Ongoing treatment of stable patients following SARS-CoV-2 exposure (without symptoms related to COVID-19):
• HCQ, SSZ, and NSAIDs may be continued (M/H);
• Immunosuppressants, non-IL-6 biologics, and JAK inhibitors should be stopped temporarily, pending a negative test result for Covid-19 or after two weeks of symptom-free observation (M). The panel noted uncertainty re: temporarily stopping MTX or LEF in this situation;
• In select circumstances, as part of a shared decision-making process, IL-6 inhibitors may be continued (M).

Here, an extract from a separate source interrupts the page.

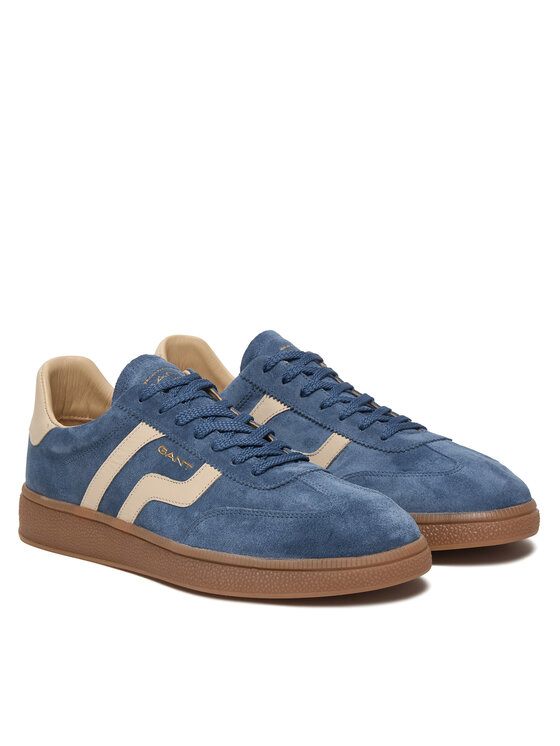 Gant Снікерcи Gant 32633206 Голубий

Rheumatic disease treatment in the context of documented or presumptive Covid-19 infection:
• Regardless of Covid-19 severity, antimalarial therapies (HCQ/CQ) may be continued, but SSZ, MTX, LEF, immunosuppressant’s, non-IL-6 biologics, and JAK inhibitors should be stopped or held (M/H);
• For patients with severe respiratory symptoms, NSAIDS should be stopped (M). The panel demonstrated low consensus with regards to stopping NSAIDs in the absence of severe symptoms;
• In select circumstances, as part of a shared decision-making process, IL-6 inhibitors may be continued (M).

References available on request.

Author
Dr Fahim Khan, MBBS, MD, MRCP(UK) MRCP Rheumatology, FRCP London, FRCP Edin. FACP, FACP Rheum, Consultant Rheumatologist, Aut Even Hospital Kilkenny and Beacon Hospital Dublin.